Solved – Sampling under assumption of log normal distributed data with sample mean and standard deviation

distributionslognormal distributionmeansamplingstandard deviation

I have the sample mean and the sample standard deviation of income calculated from individual tax data of all citizens in country (let's call this data X). I do not have access to this tax income data. I would however like to take random draws from a log normal distribution with the parameters mu and sigma estimated from this tax income data.

However, I am a bit confused about what I need to do this. If I assume the tax income data is log normally distributed, then the sample mean and standard deviation calculated from the data are NOT the $\mu$ and $\sigma$ I am looking for. Is this correct?

If so, how can I calculate mu and sigma? I thought about using the function for the arithmetic mean and variance and plugging-in the sample moments for E(X) and V(X).

$E(X) = e^{\mu+\sigma^2/2}$

$V(X) = (e^{\sigma^2}-1)\cdot e^{2\mu+\sigma^2}$

However, I'm not really able to solve it and not sure if I'm doing the right thing.

Any help is appreciated.

Best Answer

The $\mu$ and $\sigma^2$ parameters are the population mean and variance of the logs of the lognormal random variable with those parameters.

Your equations for them are correct - they're how the population mean and variance of the lognormal relate to the mean and variance of the log-variable.

Equating those expressions to the sample mean and variance would be a reasonable thing to do --- indeed, it's essentially method-of-moments$^\dagger$.

Those equations are rather straightforward to solve.

Divide the variance by the square of the mean, you get an equation in only $\sigma^2$ (one that's easily solved).

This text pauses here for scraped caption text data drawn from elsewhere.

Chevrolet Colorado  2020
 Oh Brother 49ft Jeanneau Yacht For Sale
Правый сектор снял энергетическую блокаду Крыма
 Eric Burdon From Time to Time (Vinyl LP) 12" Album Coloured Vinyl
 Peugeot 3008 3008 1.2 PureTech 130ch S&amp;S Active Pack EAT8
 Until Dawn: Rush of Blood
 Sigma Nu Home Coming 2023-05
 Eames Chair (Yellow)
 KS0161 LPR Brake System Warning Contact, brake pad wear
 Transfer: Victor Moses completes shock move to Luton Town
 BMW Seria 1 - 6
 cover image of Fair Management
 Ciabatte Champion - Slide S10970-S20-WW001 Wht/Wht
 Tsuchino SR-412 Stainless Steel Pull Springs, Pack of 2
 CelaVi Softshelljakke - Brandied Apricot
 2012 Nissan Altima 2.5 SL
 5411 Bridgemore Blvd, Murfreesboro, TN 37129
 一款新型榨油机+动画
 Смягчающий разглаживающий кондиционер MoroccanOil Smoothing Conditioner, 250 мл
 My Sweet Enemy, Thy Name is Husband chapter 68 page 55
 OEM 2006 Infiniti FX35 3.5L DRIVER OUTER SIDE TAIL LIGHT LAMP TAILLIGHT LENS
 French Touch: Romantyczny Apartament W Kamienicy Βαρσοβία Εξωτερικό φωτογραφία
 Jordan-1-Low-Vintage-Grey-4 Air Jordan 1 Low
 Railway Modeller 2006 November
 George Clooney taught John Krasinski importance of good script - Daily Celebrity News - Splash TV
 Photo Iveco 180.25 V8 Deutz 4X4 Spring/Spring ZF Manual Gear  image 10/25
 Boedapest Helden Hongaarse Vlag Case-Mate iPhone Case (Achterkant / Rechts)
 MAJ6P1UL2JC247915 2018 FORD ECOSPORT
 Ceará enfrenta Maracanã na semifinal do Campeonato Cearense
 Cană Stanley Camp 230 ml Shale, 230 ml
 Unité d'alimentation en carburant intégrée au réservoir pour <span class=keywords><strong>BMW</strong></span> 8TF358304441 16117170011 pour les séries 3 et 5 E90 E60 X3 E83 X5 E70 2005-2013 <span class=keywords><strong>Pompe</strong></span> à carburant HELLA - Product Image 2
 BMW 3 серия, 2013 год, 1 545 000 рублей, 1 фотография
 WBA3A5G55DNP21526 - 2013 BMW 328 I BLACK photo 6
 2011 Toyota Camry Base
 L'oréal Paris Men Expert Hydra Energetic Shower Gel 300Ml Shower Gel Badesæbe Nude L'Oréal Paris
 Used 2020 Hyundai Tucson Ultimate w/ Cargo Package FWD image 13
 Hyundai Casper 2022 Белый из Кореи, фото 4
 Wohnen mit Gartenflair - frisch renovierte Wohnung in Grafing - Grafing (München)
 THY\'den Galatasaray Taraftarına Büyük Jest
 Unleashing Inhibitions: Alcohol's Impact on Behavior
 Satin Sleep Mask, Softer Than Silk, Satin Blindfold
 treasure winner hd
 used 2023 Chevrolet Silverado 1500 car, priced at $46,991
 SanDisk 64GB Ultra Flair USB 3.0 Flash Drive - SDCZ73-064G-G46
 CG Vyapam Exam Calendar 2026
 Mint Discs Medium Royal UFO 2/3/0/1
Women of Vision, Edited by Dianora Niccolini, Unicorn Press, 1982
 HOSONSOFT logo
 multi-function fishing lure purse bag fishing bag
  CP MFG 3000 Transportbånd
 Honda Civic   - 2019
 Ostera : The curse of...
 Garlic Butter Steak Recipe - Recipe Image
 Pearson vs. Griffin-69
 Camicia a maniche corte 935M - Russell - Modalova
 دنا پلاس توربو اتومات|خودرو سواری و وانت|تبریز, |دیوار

Then once you have solved that to get an estimate of $\sigma^2$, it's simple to substitute it back into the first equation to solve for your estimate of $\mu$.

If you want explicit formulas, see here or here$^\dagger$

$\dagger$ keeping in mind that the variance is a central moment but is readily obtained from the second raw moment and the mean, so equating sample and population raw moments should be equivalent to equating sample and population central moments (above the first) as long as you use the $n-$divisor versions of the central sample moments.